List all the lines in these records that hold "from".

_Provided entries:_
╔══
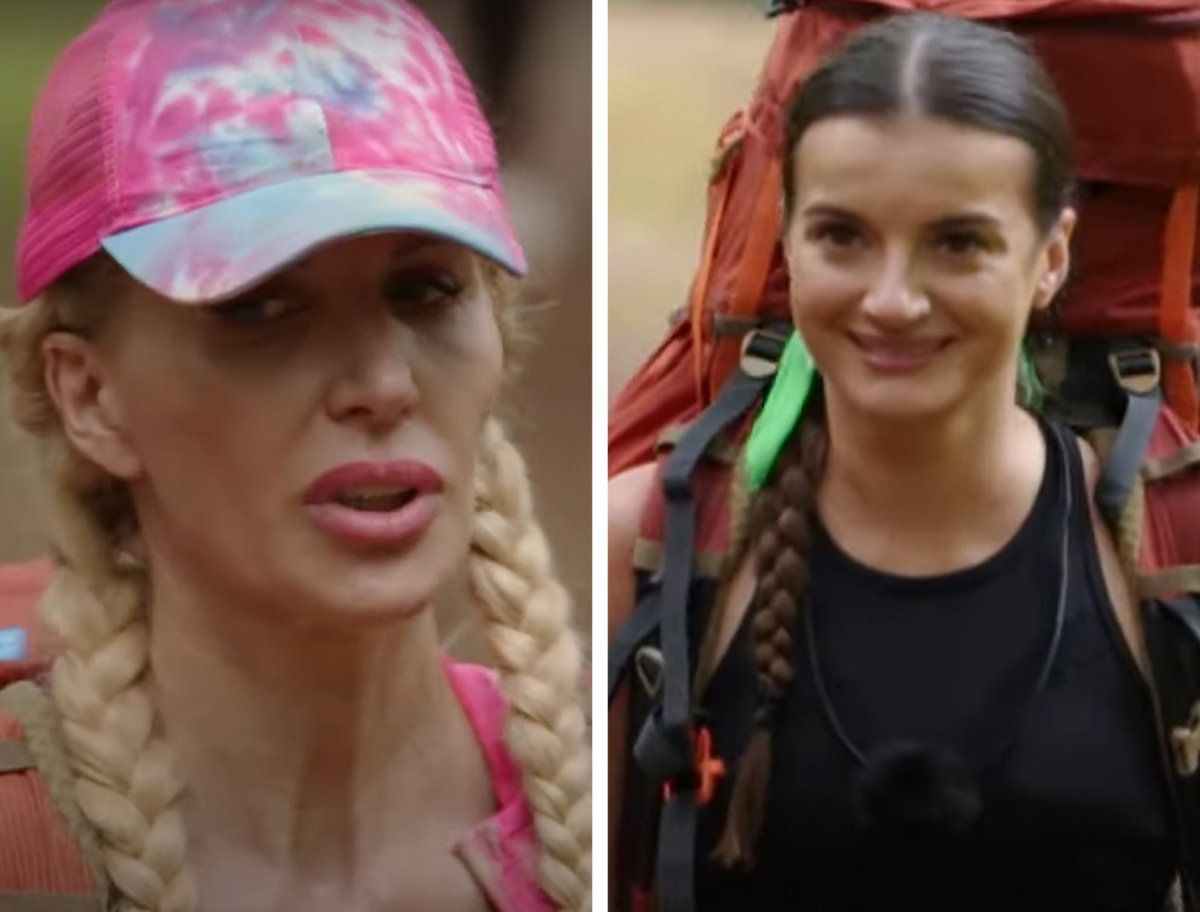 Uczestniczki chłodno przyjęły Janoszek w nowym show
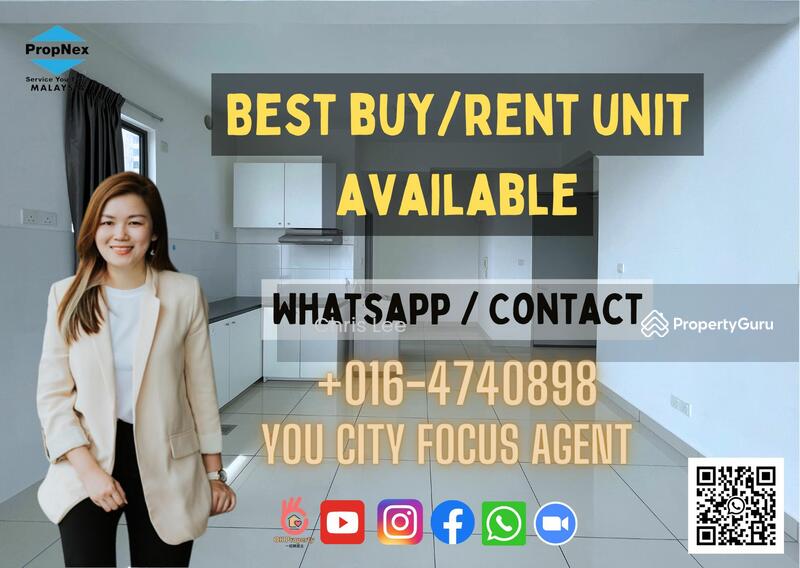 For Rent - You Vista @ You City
╚══
╔══
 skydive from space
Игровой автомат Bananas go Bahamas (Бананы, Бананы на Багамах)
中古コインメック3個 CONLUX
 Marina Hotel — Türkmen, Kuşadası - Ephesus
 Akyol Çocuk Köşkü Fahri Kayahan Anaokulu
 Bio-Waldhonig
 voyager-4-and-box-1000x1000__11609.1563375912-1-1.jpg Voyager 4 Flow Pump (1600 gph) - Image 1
╚══
╔══
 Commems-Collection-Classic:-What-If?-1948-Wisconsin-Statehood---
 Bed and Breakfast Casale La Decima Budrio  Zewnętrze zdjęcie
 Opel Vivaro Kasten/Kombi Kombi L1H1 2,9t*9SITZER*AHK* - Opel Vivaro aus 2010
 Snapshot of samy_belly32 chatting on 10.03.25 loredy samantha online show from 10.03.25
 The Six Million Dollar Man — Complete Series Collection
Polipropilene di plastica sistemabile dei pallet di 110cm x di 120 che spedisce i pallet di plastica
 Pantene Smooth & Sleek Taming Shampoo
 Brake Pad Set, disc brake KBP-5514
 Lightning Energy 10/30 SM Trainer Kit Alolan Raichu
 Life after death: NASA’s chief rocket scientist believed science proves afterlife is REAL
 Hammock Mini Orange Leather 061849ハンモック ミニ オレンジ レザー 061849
╚══
_Response to this exercise:_
 skydive from space
 Snapshot of samy_belly32 chatting on 10.03.25 loredy samantha online show from 10.03.25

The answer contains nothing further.